DATA SEGMENT START
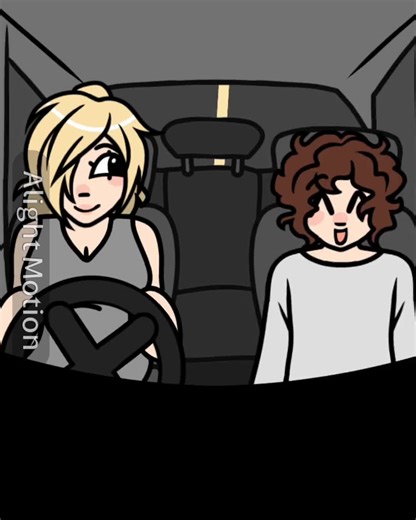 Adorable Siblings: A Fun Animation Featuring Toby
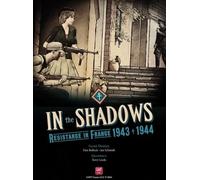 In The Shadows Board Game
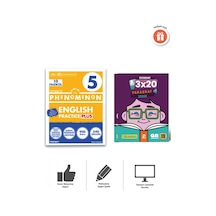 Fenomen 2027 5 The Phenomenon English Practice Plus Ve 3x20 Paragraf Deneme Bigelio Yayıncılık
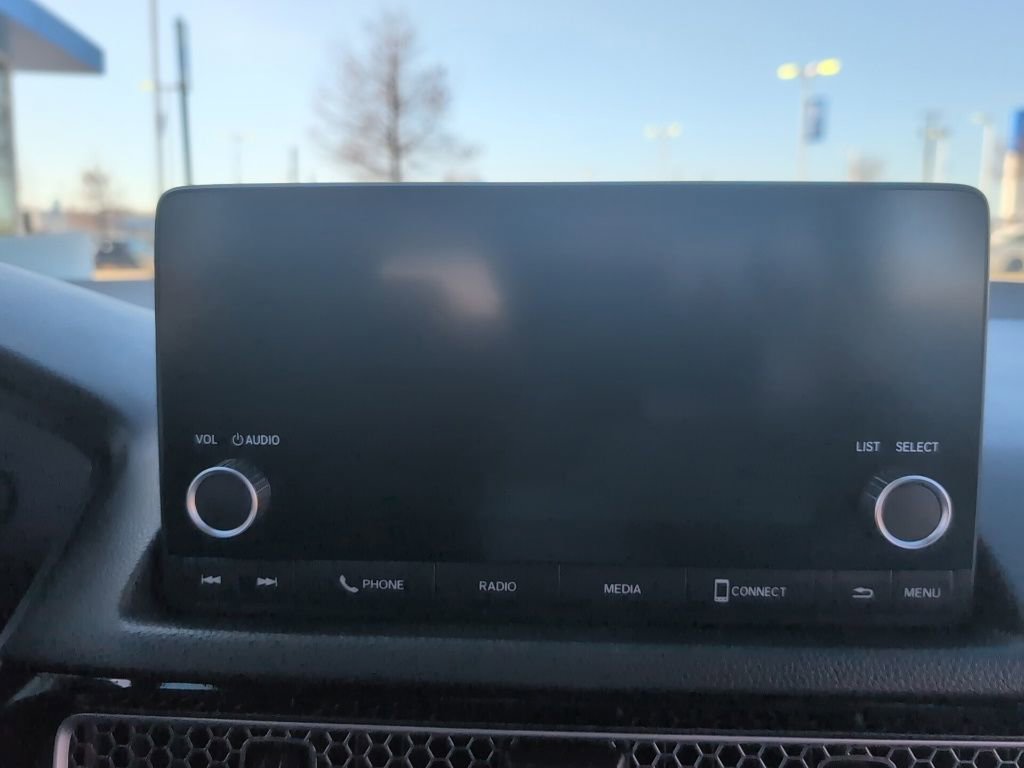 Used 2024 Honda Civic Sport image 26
DATA SEGMENT END
▶ **WORK ORDER**
Only the lines between the one containing "In The Shadows Board Game" and the last line of the listing above, both included, should be written out, exactly and without pictures.

▶ **RESPONSE**
 In The Shadows Board Game
 Fenomen 2027 5 The Phenomenon English Practice Plus Ve 3x20 Paragraf Deneme Bigelio Yayıncılık
 Used 2024 Honda Civic Sport image 26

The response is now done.